具体的な取り組みの一つが、音声合成の導入です。人間の肉声による放送よりも音声合成の方がノイズも少なく、以前と比べても不自然さのない聞きやすいものになってきました。今回バージョンアップ版がリリースされたので、より正確で聞きやすく、伝わりやすい音声になればと思っています。迅速に伝わり、理解され、行動につながるよう、職員にもメーカーにも厳しい要求を出しています。スピーカーを通して聞くと、自然に伝わる音質を採用しています。
さらに、言葉の明瞭性やエコーの問題もあるので、言葉の選び方にも配慮しています。いくら良い音質でも、市民の皆さんに理解してもらわなければ意味がありません。行政放送の内容については市民に伝わらないと判断したら、他部署の原稿でも必ず手直しを行い、放送するようにしています。

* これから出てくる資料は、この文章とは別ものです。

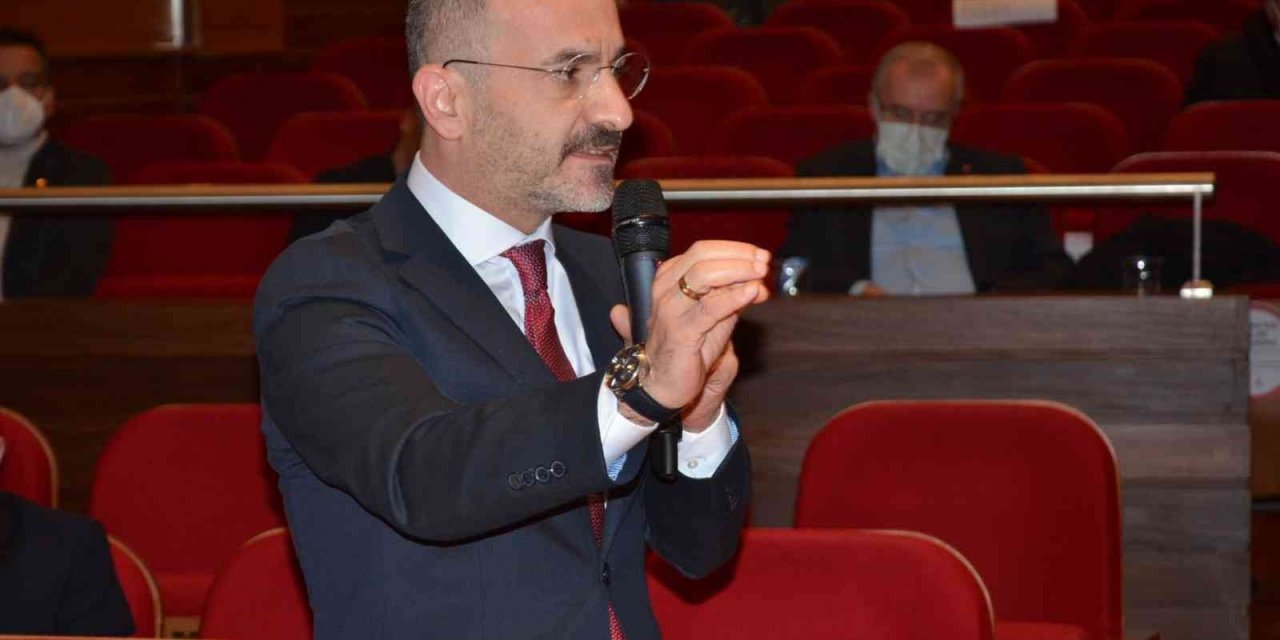 İzmir Büyükşehir Belediye meclisinden Kemal Kılıçdaroğlu'nu utandıran karar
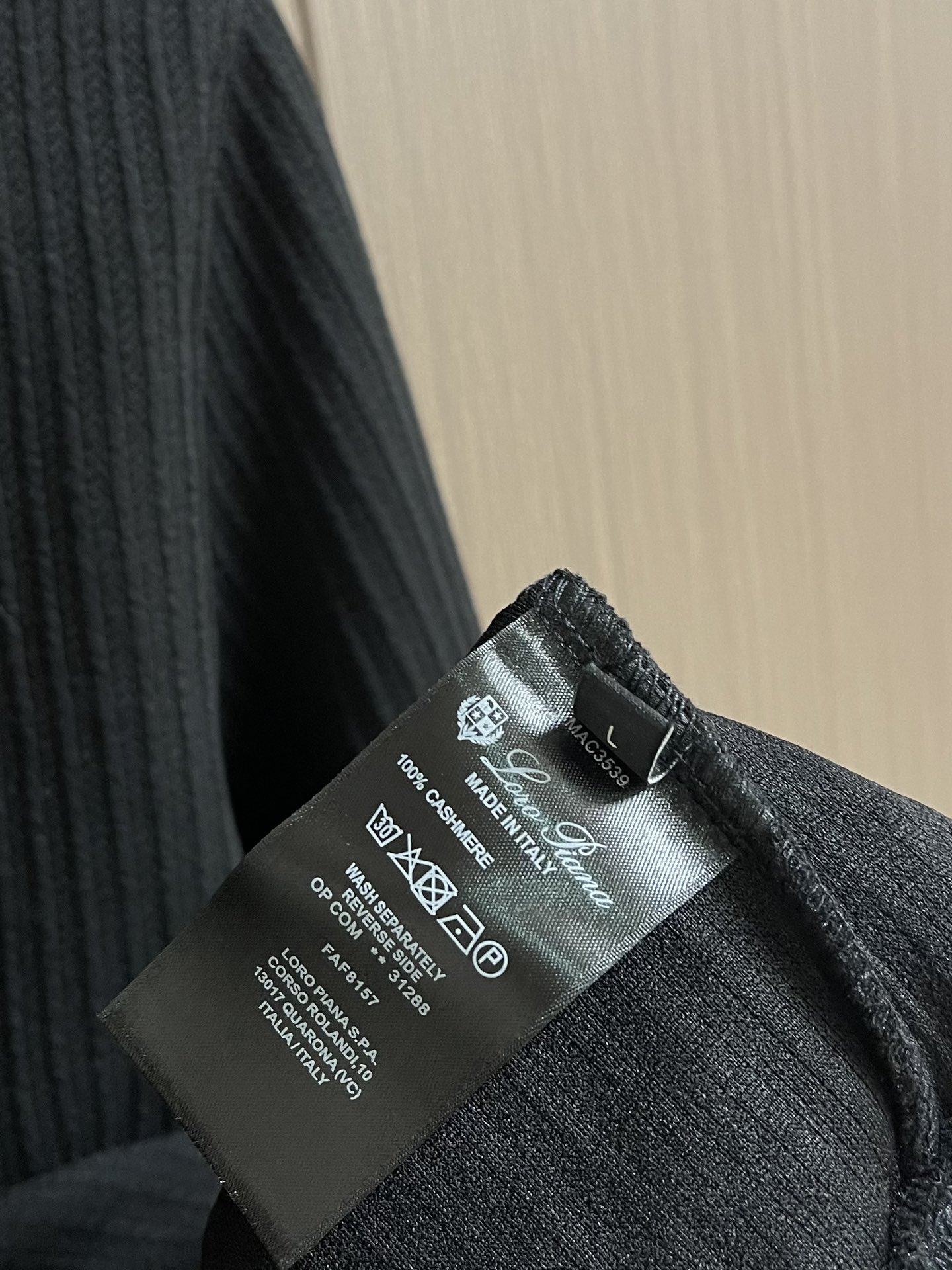 “2025SS Loro Piana Fashion Jacket: Cotton-Smuggling Material for Fall & Winter Comfort, Sizes M-3XL” - 图片 7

また、防災行政無線の内容が「聞こえない」ことが一番の問題ですので、災害弱者の方には、メールやSNS、そして今回新たに構築した防災アプリも利用して災害情報が確実に市民に届くように取り組みを行っています。
防災アプリは現在、仮運用中ですが、諫早市における災害発生時に市の災害対策本部宛に救援要請を出したり、避難所や避難者の情報をリアルタイムで収集・管理し災害避難者を支援することを目的に開発しました。これにより、避難所以外で自主的に避難している市民からも情報伝達ができるほか、SOSボタンを押すことで位置情報が災害対策本部に届きます。さらに、電話番号を入力すれば災害対策本部からの連絡も可能になります。関係機関と連携して、避難所や避難者をサポートできる仕組みを構築しました。
被災者や守るべき市民の皆さんが何を求めているか、役所として何ができるのかを、今後も考えていきたいと思いますし、このような活動を地道に防災Facebookなどで紹介することにより、市民に定着するよう日々努力しています。

-松藤さんのモチベーションは?

「市民をいかに救うか。」それが私のモチベーションになっています。絶対に人災を出さないという意気込みで日々業務を行っています。
電算室時代に叩き込まれたのが、「何十億円もの予算をかけたシステムも、全て血税で賄われている」ということ。今回も膨大な費用をかけて同報系防災行政無線を整備しましたが、それをいかに有効に使えるように維持管理していくかが仕事です。そうでないと役所で特殊な仕事をしている私の存在意義はないと思っています。約25年間電算室にいて、縁の下の力持ちとして役所や市民との接点を裏で支えてきた経験や考え方が、私にとって仕事のあり方のベースであり、理想になっています。

-全国の防災担当者の方にエールをお願いします。

技術は日進月歩しており、市民とのコミュニケーション手段や情報収集や活用の方法も進化していくため、状況に応じた対応が重要です。情報を必要とする市民の方々の目線で情報発信を検討し、対応すれば、市民に役立つ良いシステムであり続けられると思います。
どの自治体も、情報の「収集」「共有」「一元化」が課題ですが、「同じ危機感をどれだけ共有できるか」という意識は、防災関係者だけでなく全ての公務員が持つべきです。危機意識や危機感の共有は非常に重要です。それなくしては、どんな災害でも後手後手に回ってしまうでしょう。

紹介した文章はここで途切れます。